*** DATA FOR THIS TASK Section Begins ***
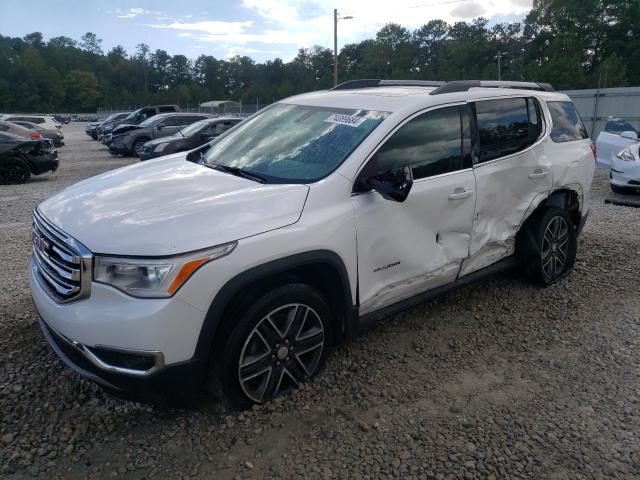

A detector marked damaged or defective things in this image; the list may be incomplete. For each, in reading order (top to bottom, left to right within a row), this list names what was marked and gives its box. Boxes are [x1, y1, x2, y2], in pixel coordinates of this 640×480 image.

damaged rear door [356, 104, 476, 316]
dented side panel [356, 170, 476, 316]
damaged rear door [460, 95, 552, 276]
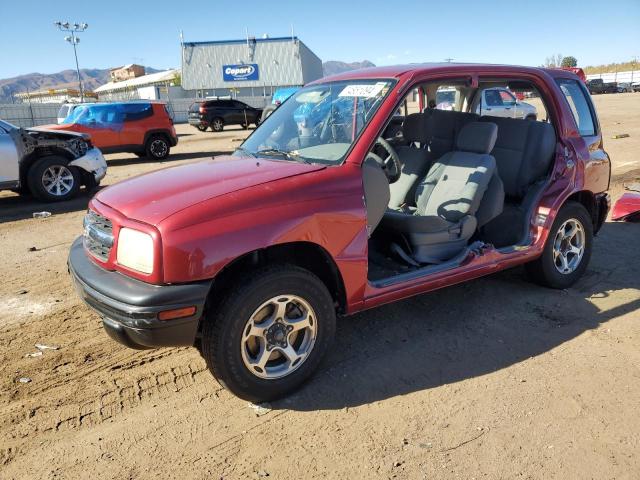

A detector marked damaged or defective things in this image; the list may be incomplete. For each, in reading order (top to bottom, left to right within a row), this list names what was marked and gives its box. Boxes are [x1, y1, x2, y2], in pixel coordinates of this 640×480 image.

white damaged car [0, 121, 106, 203]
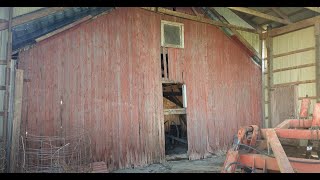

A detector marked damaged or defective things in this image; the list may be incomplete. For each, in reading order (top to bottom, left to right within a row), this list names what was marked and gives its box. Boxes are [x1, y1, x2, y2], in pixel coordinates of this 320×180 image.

rusty orange machinery [222, 98, 320, 173]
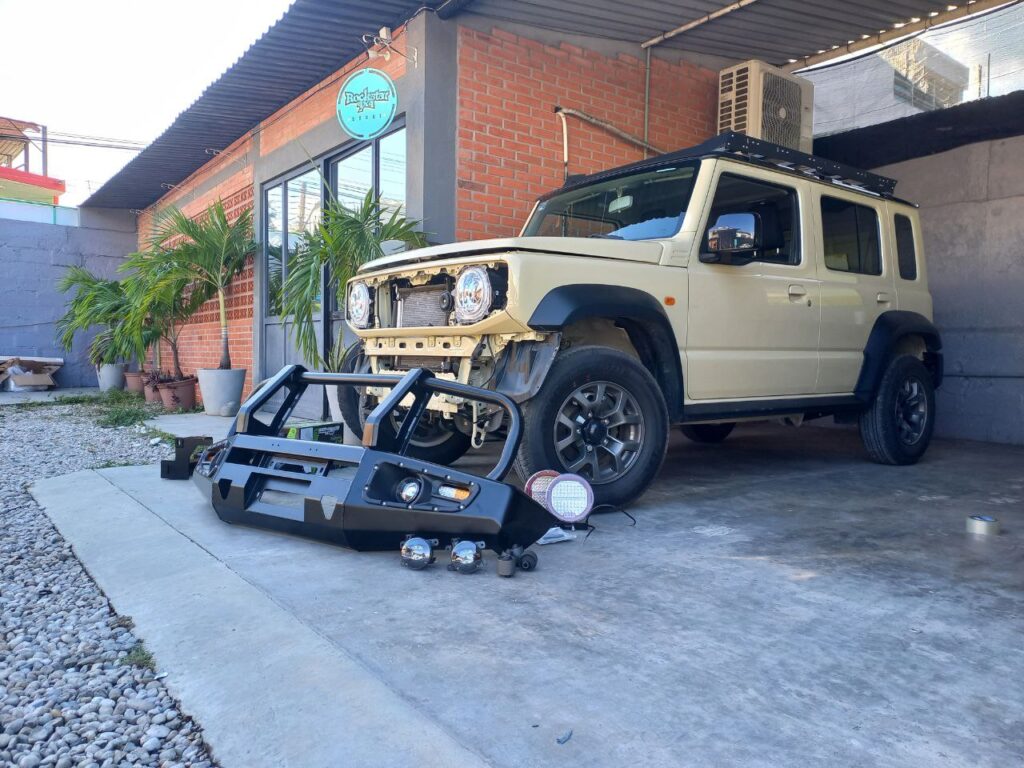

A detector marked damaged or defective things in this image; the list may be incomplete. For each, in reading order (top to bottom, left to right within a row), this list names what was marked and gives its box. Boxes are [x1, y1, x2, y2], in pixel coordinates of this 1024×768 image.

exposed headlight [348, 284, 372, 329]
exposed headlight [454, 268, 493, 325]
exposed headlight [399, 536, 432, 573]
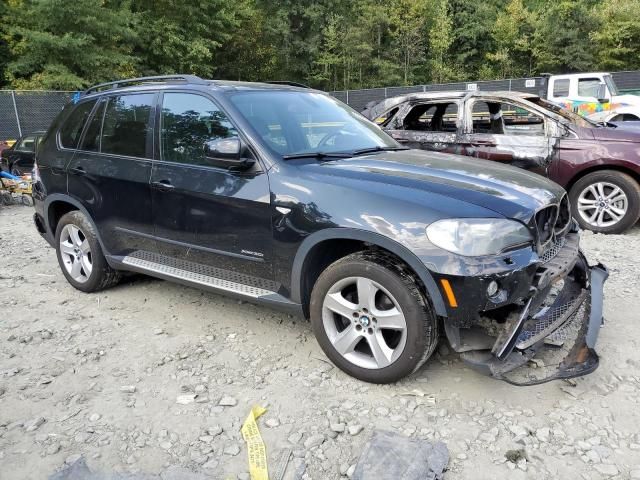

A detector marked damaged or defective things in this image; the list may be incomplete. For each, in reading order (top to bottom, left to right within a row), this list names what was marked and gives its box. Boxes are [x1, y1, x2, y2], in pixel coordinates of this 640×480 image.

damaged maroon vehicle [364, 91, 640, 234]
front-end collision damage [440, 229, 608, 386]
*** DATA FOR THIS TASK Section Ends ***
YOUR GOAL: Once you find the line containing "this 1024×768 image.", transcribe it and each line after it to the end of the records exactly, and leave out the pictures.

EXPECTED ANSWER:
A detector marked damaged or defective things in this image; the list may be incomplete. For each, in reading order (top to bottom, left to right within a row), this list names what was marked and gives its box. Boxes are [x1, y1, x2, y2], in pixel coordinates of this 1024×768 image.

exposed headlight [348, 284, 372, 329]
exposed headlight [454, 268, 493, 325]
exposed headlight [399, 536, 432, 573]

A detector marked damaged or defective things in this image; the list may be incomplete. For each, in reading order (top to bottom, left to right within a row), this list names what was marked and gives its box. Boxes are [x1, y1, x2, y2], in pixel coordinates of this 640×480 image.

damaged maroon vehicle [364, 91, 640, 234]
front-end collision damage [440, 229, 608, 386]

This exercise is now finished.